Woeser, a Tibetan writer who has authored online articles and non-fiction books about her birthplace, has been prevented from attending a ceremony in which the Dutch Ambassador in China was to present her with an award from the Prince Claus Fund.
The writer was prevented by police from leaving her house in Beijing to accept the award at the Dutch Embassy last Thursday.
Woeser wrote Notes on Tibet in 2003 and has been widely published in Taiwan.

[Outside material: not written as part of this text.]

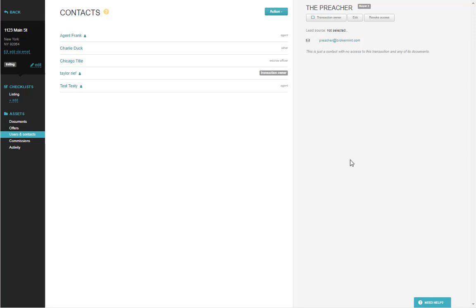Hello, this video is going to cover how to add and edit contacts in Brokerman.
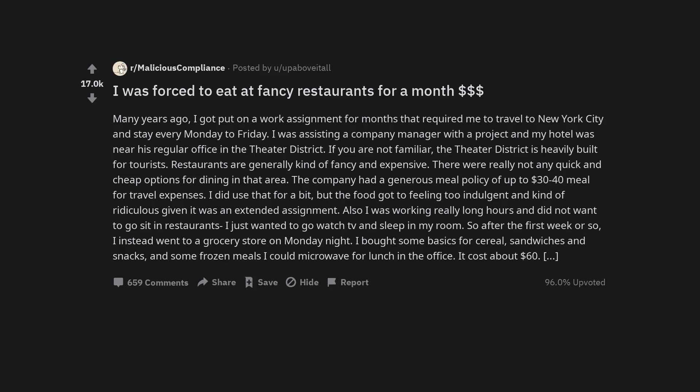I was forced to eat at fancy restaurants for a month. Many years ago, I got put on a work assignment for months that required me to travel to New York City and stay every Monday to Friday. I was assisting a company manager with a project and my hotel was near his regular office in the theater district.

It is rare for Tibetan writers (she is three-quarters Tibetan) to write in Mandarin Chinese, Woeser maintained two blogs within China before they were shut down in 2007. Woeser now maintains a blog outside of China, which is also sometimes hacked.
She blogged about the prize, reposting a statement released by the Dutch embassy:
Woeser is honoured for her courage in speaking for those who are silenced and oppressed, for her compelling combination of literary quality and political reportage, for recording, articulating and supporting Tibetan culture, and for her active commitment to self-determination, freedom and development in Tibet.
It is a politically sensitive time for the Tibetan writer — who cannot travel abroad without permission. The Chinese capital is in the midst of its annual National Legislative Sessions and March also marks the fourth anniversary of the Tibet uprisings.
Immolations in Tibet have escalated recently, the Western media have reported around 25 Tibetans self-immolating since last March, 18 of whom are believed to have died.